By Bizodisha Bureau, Bhubaneswar, October 19, 2023: Odisha police on Thursday claimed to have succeeded in busting a gang that bought bank accounts from the poor in Odisha, West Bengal and Jharkhand for an average of ₹2,000 and sold them to cybercriminals who used these accounts to receive money from victims.

A special task force (STF) of Odisha police on Thursday said it has arrested three people who operated the racket that centred on convincing poor tribals and villagers to open bank accounts. They were paid about ₹2,000 for each bank account. They have been identified by the police as S K Jamaluddin and S K Jahangir of West Medinipur district of West Bengal and Sk Hapizul of Balasore in Odisha. In all, the suspects had received as much as ₹10 crore from scammers for the mule bank accounts which were sold to them for about ₹15,000-20,000, police said.

The racket was busted following raids conducted by the team on a tip. The police claimed to have seized various incriminating materials such as mobile phones, pre-activated SIM cards, bank passbooks, Aadhaar cards etc were seized from their possession.

Mule bank accounts are controlled by fraudsters instead of their legitimate holders and are usually sourced from people who sell their own bank accounts for a fee. The group was particularly active in the districts of Balasore, Mayurbhanj, East Midnapore, West Midnapore, East Singhbhum and West Singhbhum.

Police further said that these mule bank accounts are used by fraudsters to receive the money before it is transferred into a crypto currency wallet, making it difficult for investigators to track the money. “Money mules, just like fraudsters, are guilty of illegally transferring fraudulently gained money and can be prosecuted,” a top official said.

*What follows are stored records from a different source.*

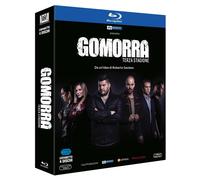 Gomorra La Serie Stagione 3 - Movie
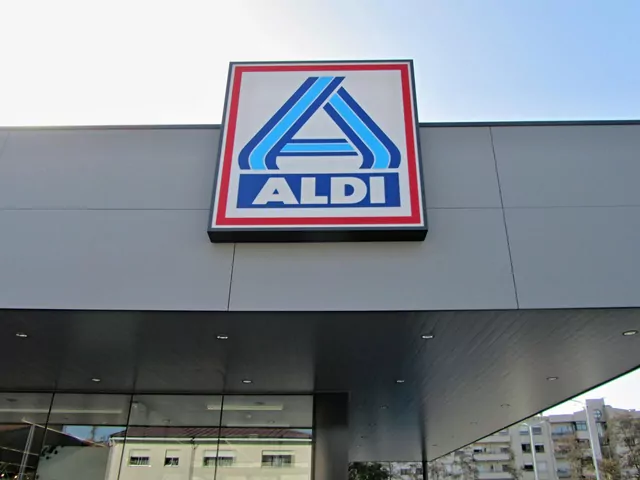 Promocja na kawę Dallmayr w Aldi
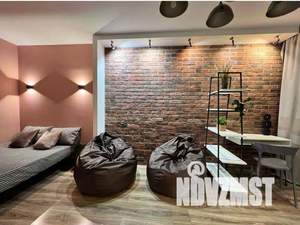 1-к квартира, на длительный срок, 33м2, 1/5 этаж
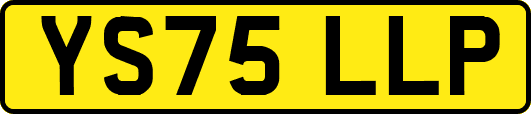 YS75LLP
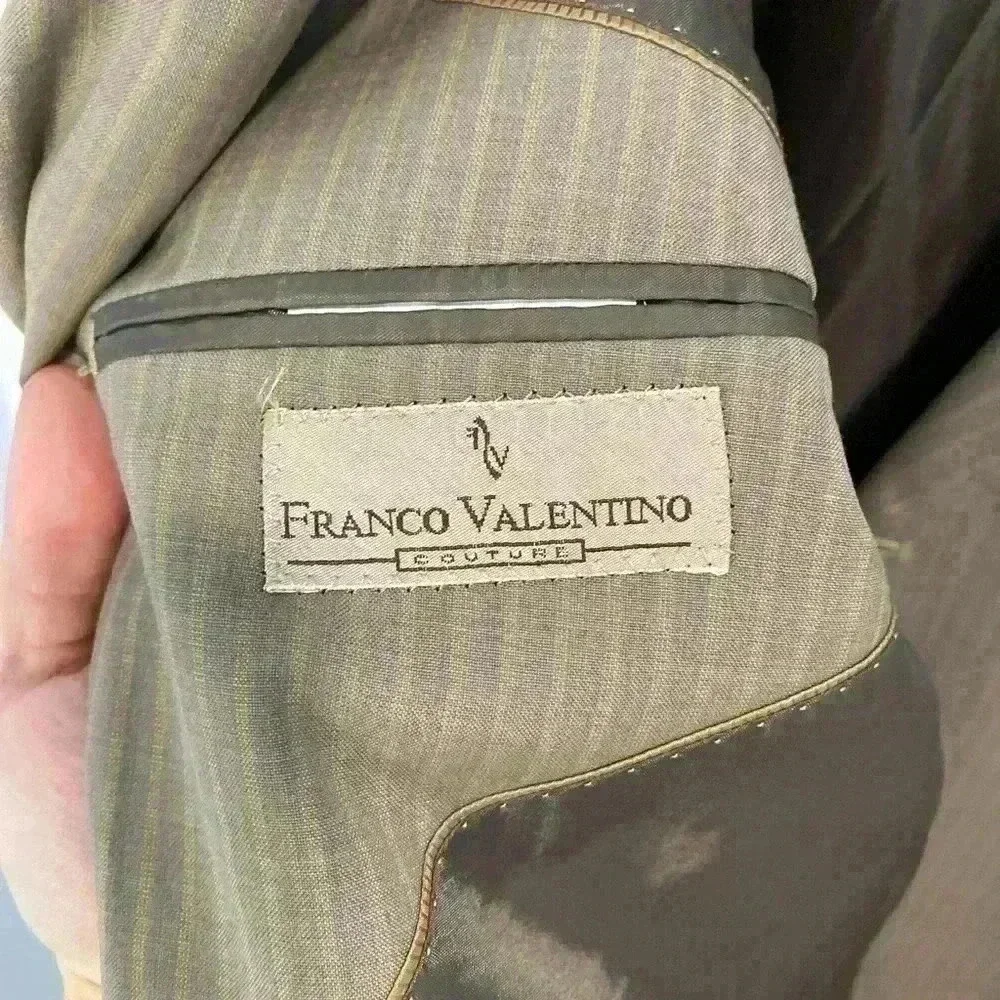 Franco Valentino franco valentino
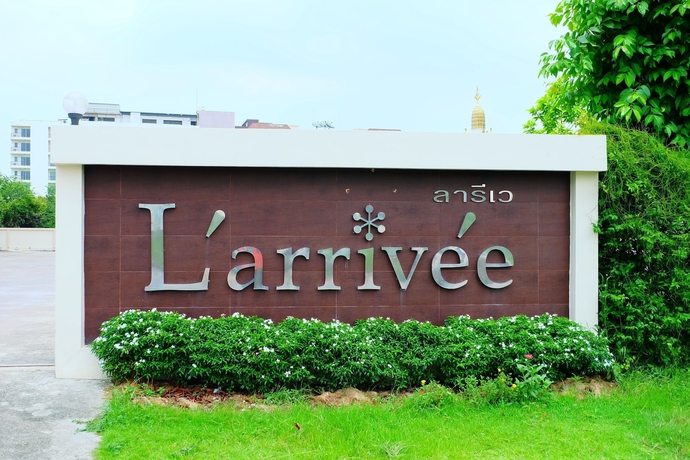 Imagen general del Hotel Larrivee. Foto 2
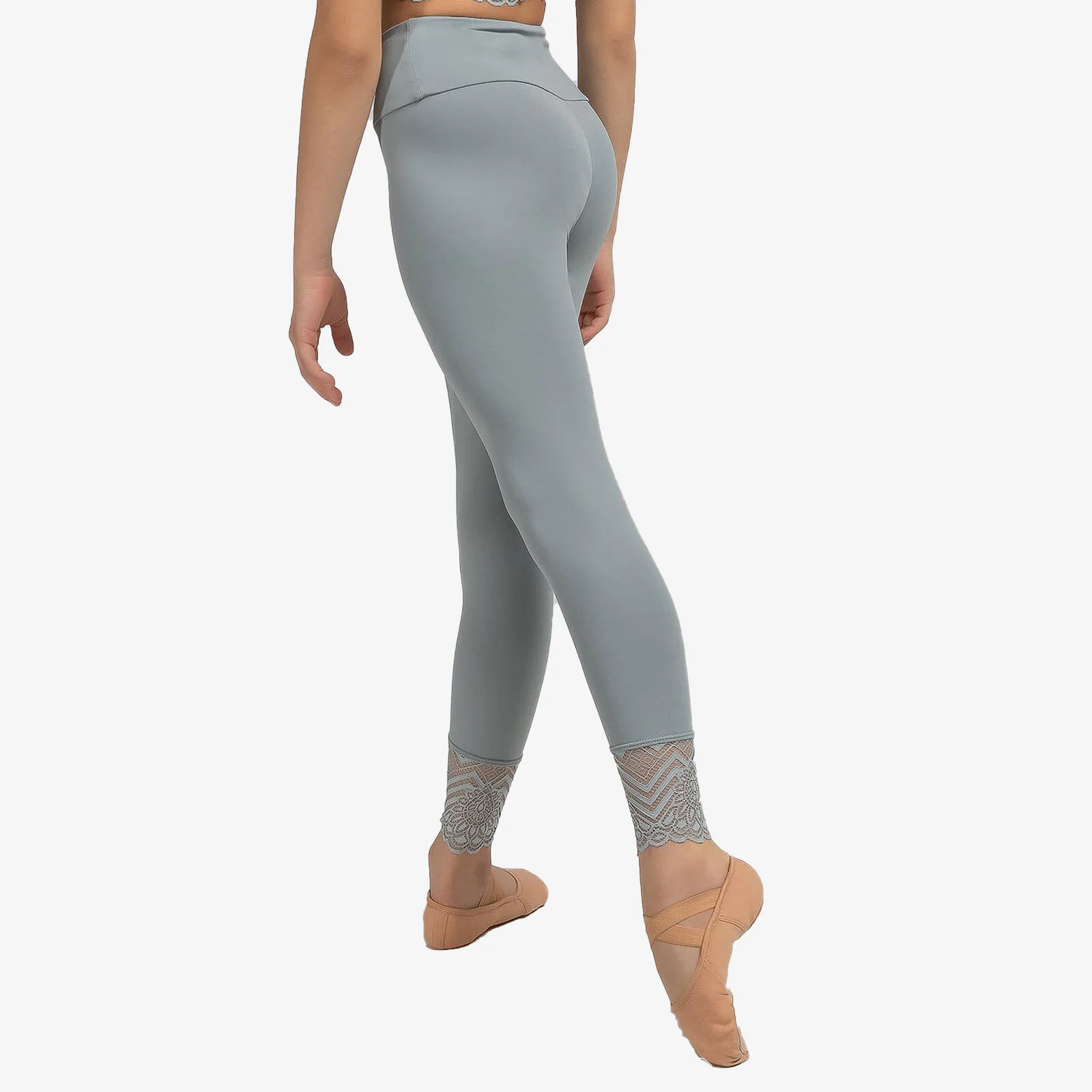 BE YOU® Lilou Kid's Leggings - L2667 - Image 2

The mobile phone number linked to a bank account is supplied by the gang or its intermediaries at the time of opening of account and is also transferred along with the account details. The gang sold these bank accounts along with the connected mobile numbers to various cyber, cyber-financial, extortion scammers and other criminals based in Kolkata and other parts of India.

Jamiruddin employed 10-15 people for ₹15,000 per month to open mule bank accounts. “We are trying to find out as to how the accused managed to contact so many cyber fraudsters in different states,” a police officer said.